WORK ORDER - Using the listing below, keep only the lines with the word "little" and copy them.

RECORD SET -
===
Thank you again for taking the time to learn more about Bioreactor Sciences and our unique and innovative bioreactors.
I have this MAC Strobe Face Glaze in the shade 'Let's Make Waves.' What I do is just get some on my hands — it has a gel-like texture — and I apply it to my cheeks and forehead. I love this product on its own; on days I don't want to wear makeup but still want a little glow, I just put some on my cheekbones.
===
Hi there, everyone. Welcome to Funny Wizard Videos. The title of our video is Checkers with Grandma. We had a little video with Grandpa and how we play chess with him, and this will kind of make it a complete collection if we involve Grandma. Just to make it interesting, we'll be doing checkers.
===
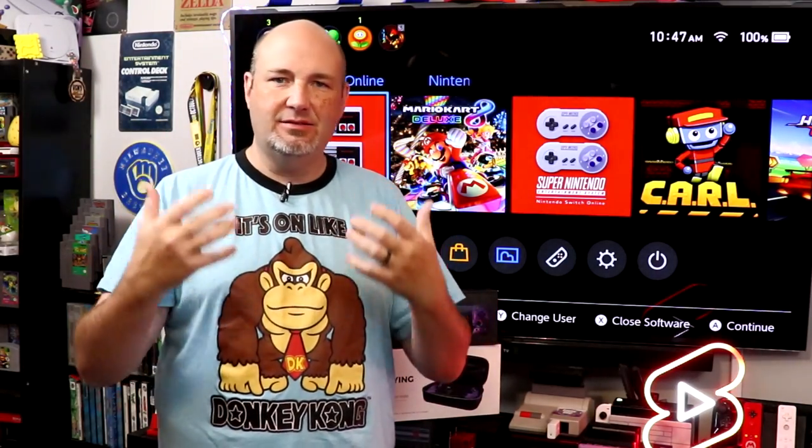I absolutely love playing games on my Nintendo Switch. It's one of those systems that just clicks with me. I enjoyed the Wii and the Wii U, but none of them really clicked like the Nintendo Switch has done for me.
===
WRITTEN REPLY -
I have this MAC Strobe Face Glaze in the shade 'Let's Make Waves.' What I do is just get some on my hands — it has a gel-like texture — and I apply it to my cheeks and forehead. I love this product on its own; on days I don't want to wear makeup but still want a little glow, I just put some on my cheekbones.
Hi there, everyone. Welcome to Funny Wizard Videos. The title of our video is Checkers with Grandma. We had a little video with Grandpa and how we play chess with him, and this will kind of make it a complete collection if we involve Grandma. Just to make it interesting, we'll be doing checkers.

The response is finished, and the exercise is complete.